If you want to use page_referrer you have to first flatten the nested field using the command CROSS JOIN UNNEST (or , UNNEST)which basically creates a new column
You have to add the , UNNEST in the FROM statement and specify the nested field you want to flatten.
1 2 3 4 |
SELECT event_date, event_timestamp, event_name, params FROM `ga-data-XXXXXX.analytics_XXXXXXXXX.events_*`, UNNEST(event_params) AS params WHERE _TABLE_SUFFIX BETWEEN '20201101' AND '20201121' AND event_name = 'first_visit'; |
And you’ll get this. All the params.key have their own row.
Then you can in the WHERE condition the filter for “https://www.google.it”
1 2 3 4 5 |
SELECT event_date, event_timestamp, event_name, params FROM `ga-data-XXXXXX.analytics_XXXXXXXXX.events_*`, UNNEST(event_params) AS params WHERE _TABLE_SUFFIX BETWEEN '20201101' AND '20201121' AND event_name = 'first_visit' AND params.value.string_value = "https://www.google.it/"; |
Finally, you get the output you needed.
How to create a scheduled query in BigQuery and connect it to Data Studio
Last but not least, in this post, I want to explain how to schedule a query in Google BigQuery.
Instead of manipulating your GA data in Data Studio, you can do that using an SQL query which automatically updates a table every hour, day,… .
For example, the query below counts the daily unique users of the last 30 days.
1 2 3 4 5 |
SELECT event_date, COUNT(DISTINCT user_pseudo_id) AS uniqueUsers FROM `ga-data-XXXXXX.analytics_XXXXXXXXX.events_*` WHERE _TABLE_SUFFIX BETWEEN FORMAT_DATE('%Y%m%d',DATE_SUB(CURRENT_DATE(), INTERVAL 30 DAY)) AND FORMAT_DATE('%Y%m%d',DATE_SUB(CURRENT_DATE(), INTERVAL 1 DAY)); GROUP BY event_date; |
If you want to schedule it, you have to click on Schedule query.
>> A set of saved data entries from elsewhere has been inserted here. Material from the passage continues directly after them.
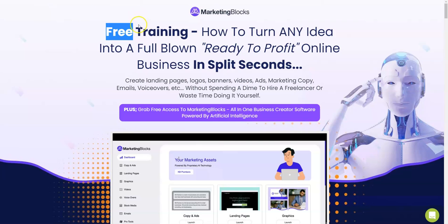So that was my review for Marketing Blocks. Let me know how you liked this review video. If you liked it, click the like button. If you didn't like it, click the dislike button — but let me know what you didn't like so that I can improve myself in my next review video.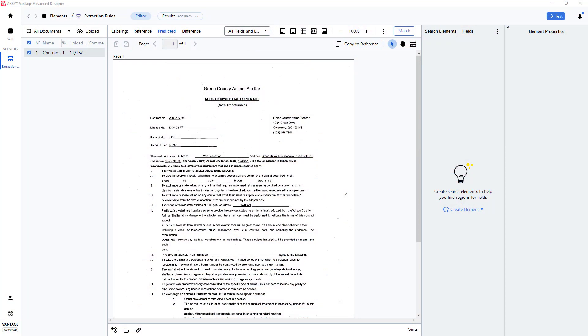Often there is a need to locate and capture data on a document when the data loosely or tightly conforms to some pattern.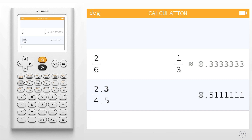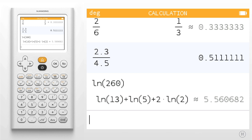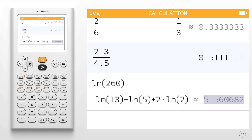Finally, the NumWorks graphing calculator shows logarithmic decomposition. For my example, I'm going to use ln of 260. Hit enter, and you'll see the logarithmic decomposition as well as the approximate answer.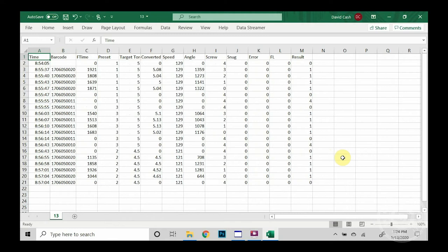Column L shows the FL, which basically is the tool in its forward or loosening position. Zero is forward and one would be for loosening. Now, in column M, this shows our results of certain events. Now, there are more events that take place other than a simple rundown.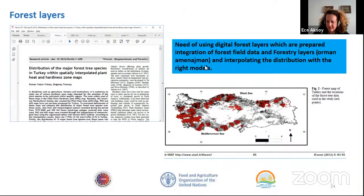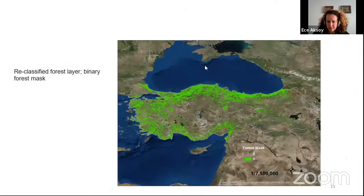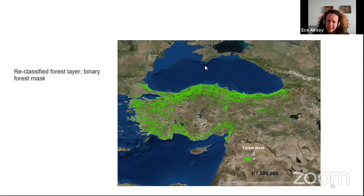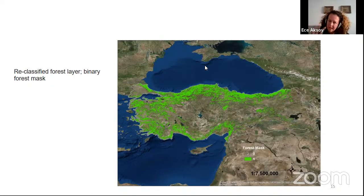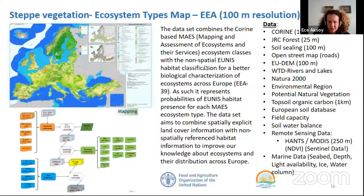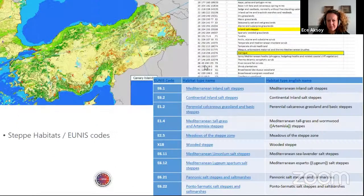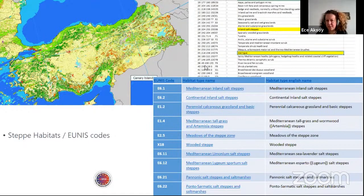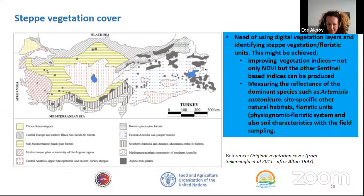As you can see in the map, the green areas are forest areas — we should mask those out from the region. The steppe characterization should not take forests into account. We also used an ecosystem types map. There are two steppe names in the ecosystem type maps: inland salt steppes and Garrix — taken from the European Environment Agency.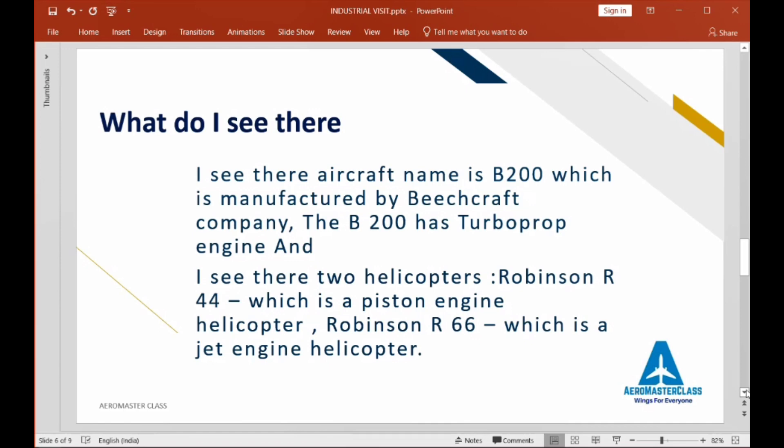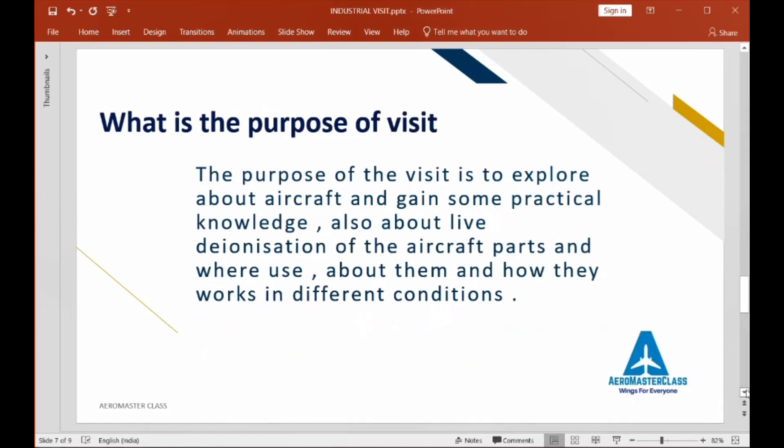I also saw two helicopters — the R44 and the R66. One has a piston engine and the other has a jet engine. Moving on, the purpose of the trip was to explore aircraft and gain practical knowledge.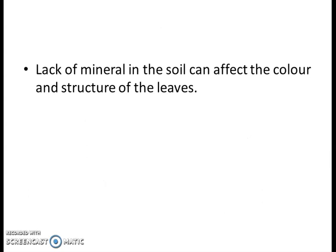Also, a lack of minerals in the soil can affect the color and structure of the leaves. The amount of mineral in any soil comes from the environment, so this environmental change will affect the structure and color of the leaves as well. For example: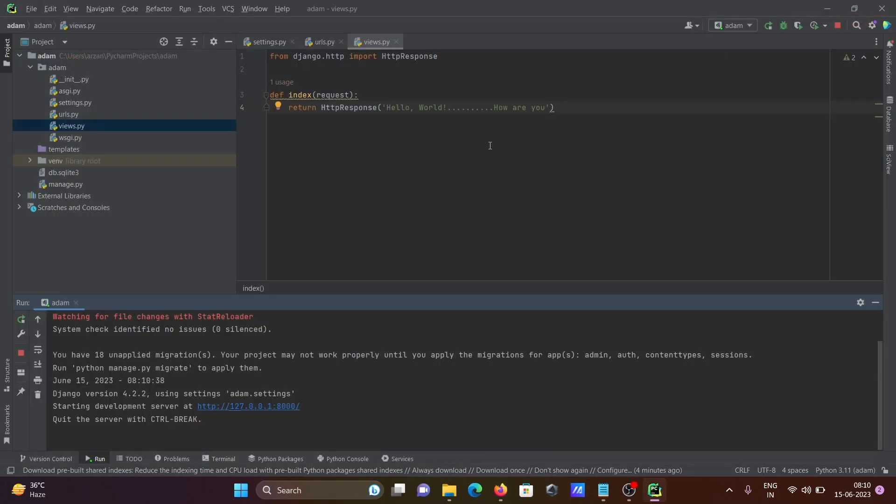So this is how, in a very simple way, we can run the Django project inside PyCharm. I hope this video is helpful for you. Now this video is over, so thanks for watching. See you in the next video. Thank you.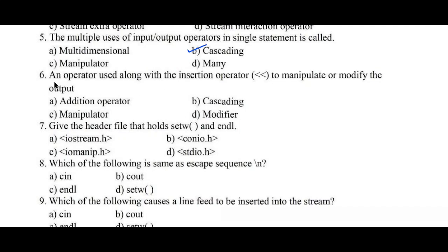Question number 6: an operator used along with the insertion operator to manipulate or modify the output. Here option D is the right answer.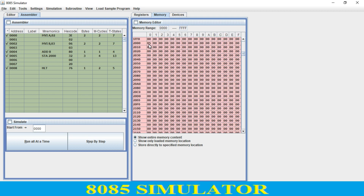Using this you can observe your results on the 8085 simulator. This is all about today's lecture. Thank you.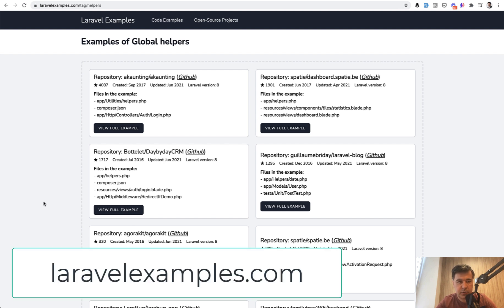So this is a small project, laravelexamples.com. Again, the link will be in the description below. What do you think? First question to you: is it useful?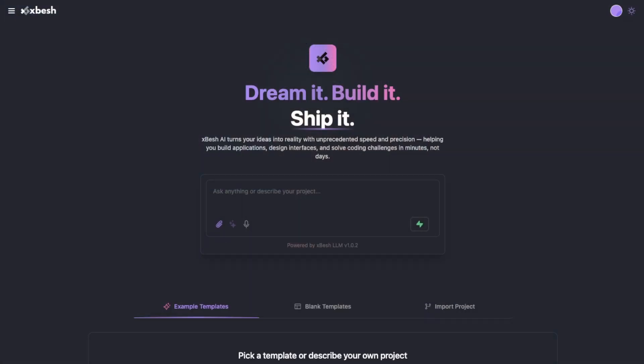Hey, what's up, guys? It's Jono here. Welcome to my Xbesh review. I'm here inside of the dashboard of Xbesh, and in this video I'm going to give you a quick demo of exactly how this works and what it does.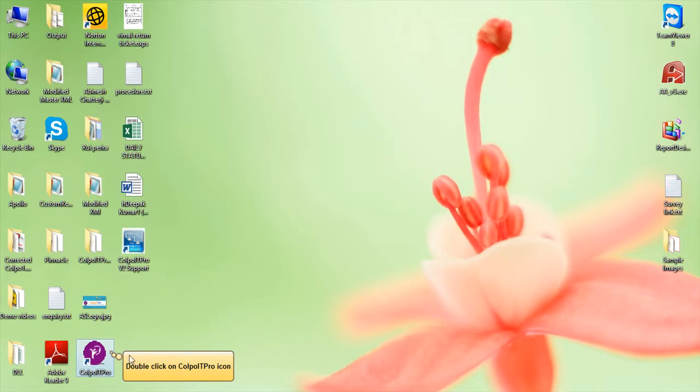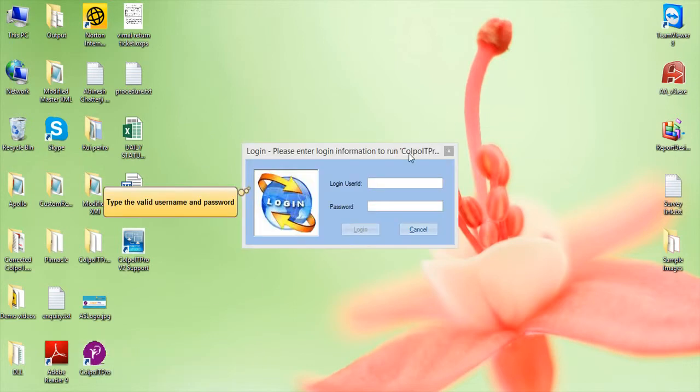Double click on the Colpo IT Pro icon on your desktop. Type the valid user ID and password.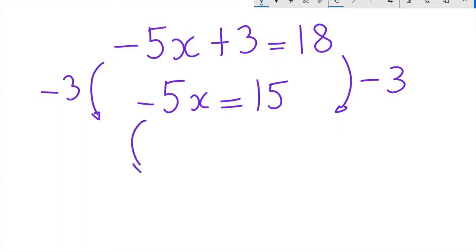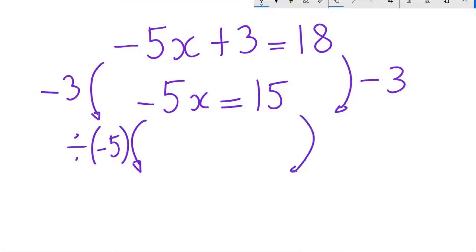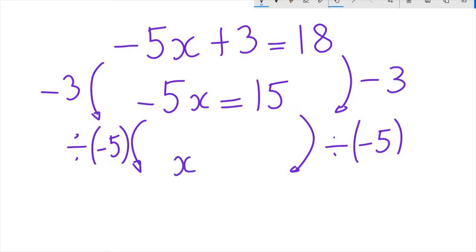Then, we divide both sides by minus 5, so that we are left with only x on the left hand side of the equation. The answer is x equals minus 3.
You should give a name to the scheduled query and choose when and how often update it.
In my example, I decided to update the query daily and store the results in a new table called test_scheduled_query. The data are overwritten every day.
Then you have to open Google Data Studio and choose the BigQuery connector. Here, you’ll find the test_scheduled_query table which you can use to create a dashboard.